We swung by the Ruskin Craft Center on our home from Port Merion – I’ve got to say that seeing some real art in a real art gallery was so soul-filling after these many months of Lockdown.

I didn’t realise how much I respond to seeing art in real life until we were walking around and I was literally soaking it up – I went around twice.

Apart from the recent denial of such pleasures, I enjoyed this so much because Eleris work really talks to me.

It is full of mark making and those marks translate to say something about the landscape which inspires her but also can be abstract and I like that.

She also develops those marks into stitches put directly through the canvas.

And these are often running stitches but can be a gorgeous hue or an eye catching luxe thread but they serve to continue to talk about the landscape in an even more tactile fashion.

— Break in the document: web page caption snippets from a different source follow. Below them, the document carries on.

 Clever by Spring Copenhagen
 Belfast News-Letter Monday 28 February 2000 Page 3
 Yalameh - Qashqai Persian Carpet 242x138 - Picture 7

It’s an approach which really inspires me.

I also loved her use of scale and the way she played with diptych and triptych approaches to drawing over several sheets of paper either to expand the same scene or to make companion pieces.

It reminds me also to never stop drawing or dipping my soul into nature to feel grounded and alive.

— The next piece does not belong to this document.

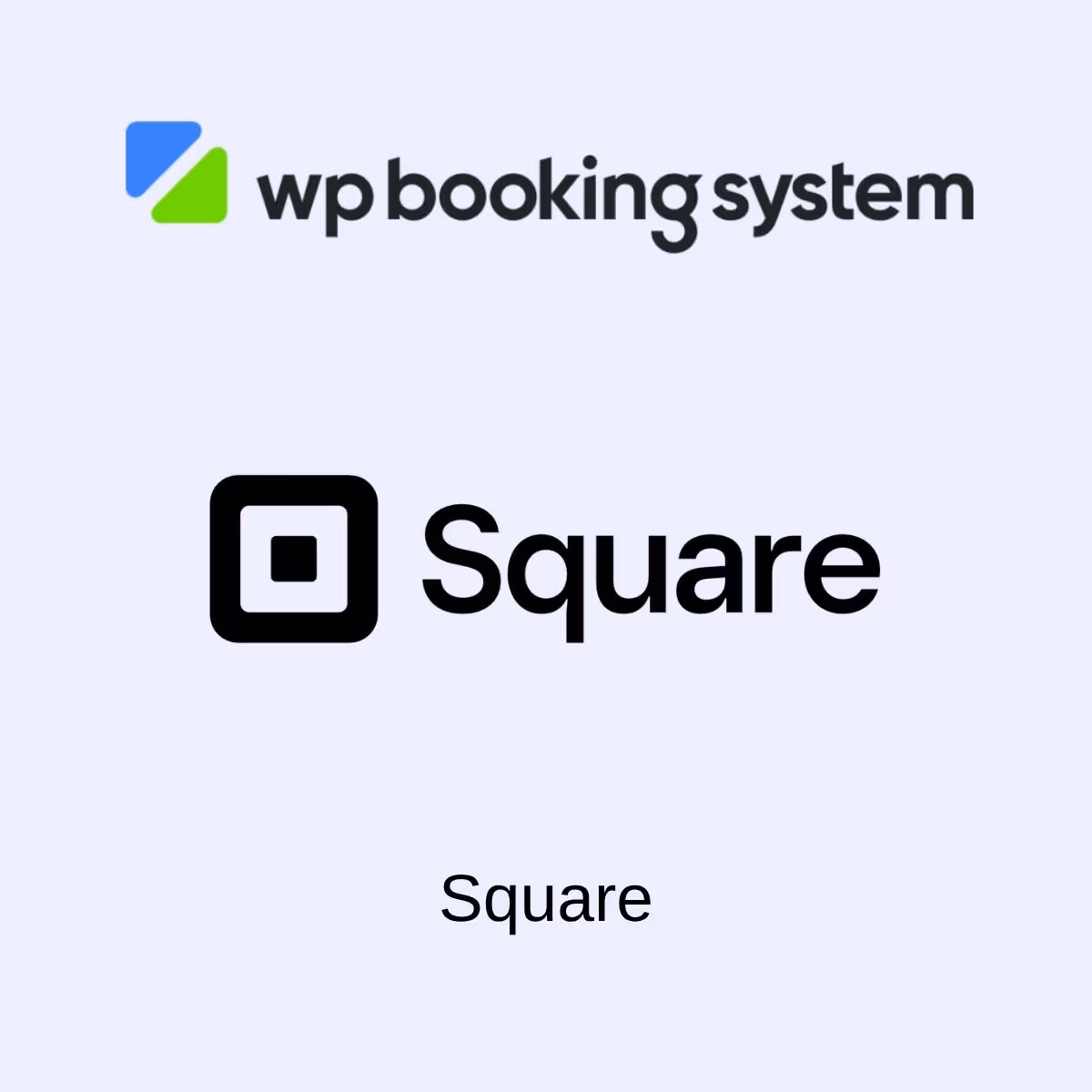 WP Booking System Square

Eleri Mills – Egni: a decade of creativity is running August – November 2020 at Ruthin Craft Centre, The Centre for the Applied Arts.

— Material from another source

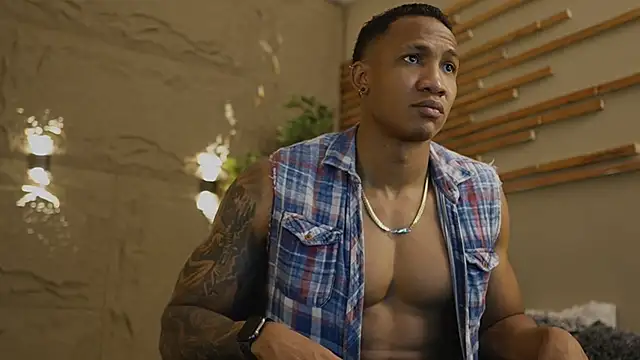 Logan Varela online show from 02/08/26, 03:04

Last week, we originally we had a weeks camping planned in Wales but they cancelled us at the last minute (campsite was a mud-slide) so we condensed our holiday into the only two days that Port Merion could accommodate us.

But what a lovely two days it was! 

Port Merion is is a village built in the style of an Italian village but in North Wales. It was designed and built by Sir Clough Williams-Ellis between 1925 and 1975.

It’s quirky, pretty, tucked away from the rest of the world and you can stay in the houses you see or the hotels. 

There is love and attention to architectural detail everywhere and that is matched by the abundant natural habitat and views – it’s an all round winner in my opinion. 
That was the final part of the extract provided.